In deze bijdrage ga ik in op het belang van de peergroup voor de individuele ontwikkeling. De peergroup heeft echter nier voor elke jeugdige dezelfde betekenis. Zo kan de peergroup voor de ene jeugdige een bron van inspiratie zijn en voor de ander een boze droom. Voor de meeste jeugdigen zal de invloed van de peergroup positief uitpakken, maar er zijn ook jeugdigen die in negatieve zin de invloed van de peergroup ondergaan.
Het belang van de peergroup
Voor de ontwikkeling zijn niet alleen positieve relaties met de ouders van belang. Relaties met leeftijdsgenoten zijn minstens zo belangrijk. Dat is niet altijd onderkend. Aanvankelijk richtte de wetenschappelijke belangstelling zich vooral op de relaties tussen ouders en kinderen vanuit de veronderstelling dat daar de basis voor de toekomstige ontwikkeling wordt gelegd. In de loop der jaren heeft die belangstelling zich uitgebreid tot de relaties met leeftijdsgenoten omdat steeds vaker werd aangetoond dat de peerrelaties eveneens sterk bepalend zijn voor de toekomstige ontwikkeling.
Oudere theoretici zoals Hall, Baldwin en Dewey wezen er al op dat de relaties met leeftijdsgenoten een belangrijk socialisatieveld vormen waarin jeugdigen zich los van het gezin kunnen manifesteren. Binnen de peergroup leert de jeugdige samen te werken en zich als gelijke te gedragen. Inmiddels is het inzicht in de relaties ‘met leeftijdsgenoten sterk gegroeid en wordt gesteld dat zowel vont de emotionele, e cognitieve als de sociale ontwikkeling relaties met peers onmisbaar zijn. Ik ga hier op elk van deze facetten in.
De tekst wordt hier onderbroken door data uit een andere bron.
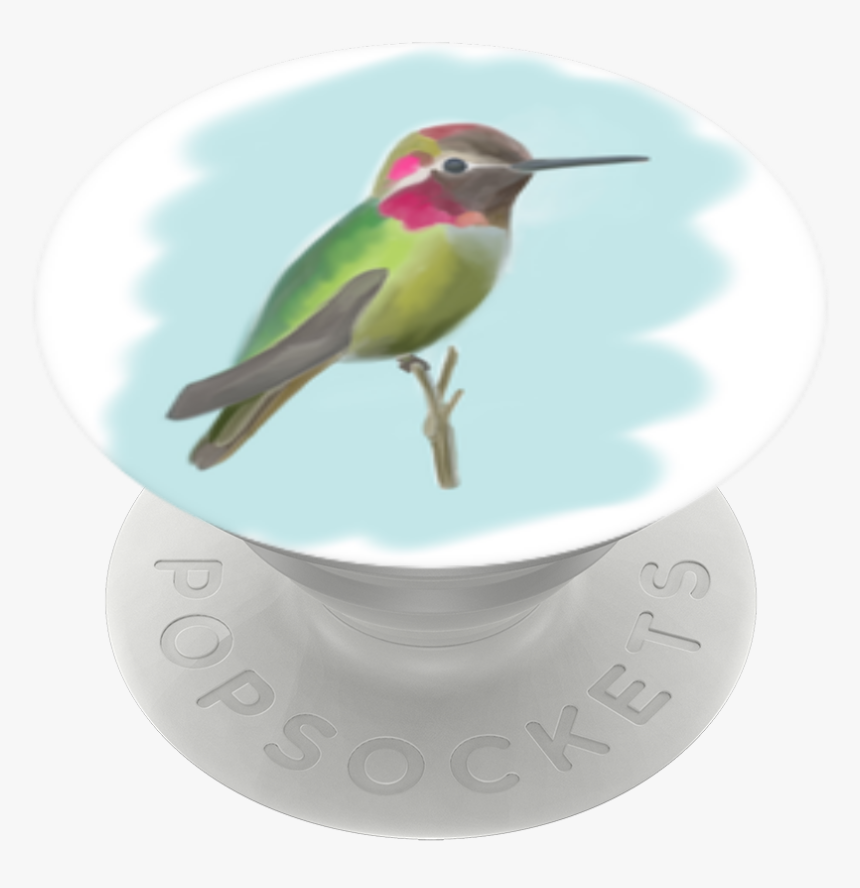 Ruby-throated Hummingbird, HD Png Download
Wat de emotionele kant van de ontwikkeling betreft, blijkt dat jeugdigen in contact met leeftijdsgenoten zich meer bewust worden van de gevoelens van anderen en daarmee ook van de eigen gevoelens. Tegelijkertijd leren ze hoe met deze gevoelens om te gaan, ze onder controle te krijgen en zich te conformeren aan opvattingen die daarover onder leeftijdsgenoten bestaan. In contacten met leeftijdsgenoten worden de jeugdigen ook geconfronteerd met conflicten en leren ze in interacties met elkaar deze te hanteren. Het succesvol leren oplossen van conflicten is erg belangrijk voor de verdere ontwikkeling. Maar ook verschaft de omgang met leeftijdsgenoten gevoelens van kameraadschap en saamhorigheid. Peers zijn nodig om sociale isolatie te voorkomen en het gevoel te ontwikkelen ergens bij te horen.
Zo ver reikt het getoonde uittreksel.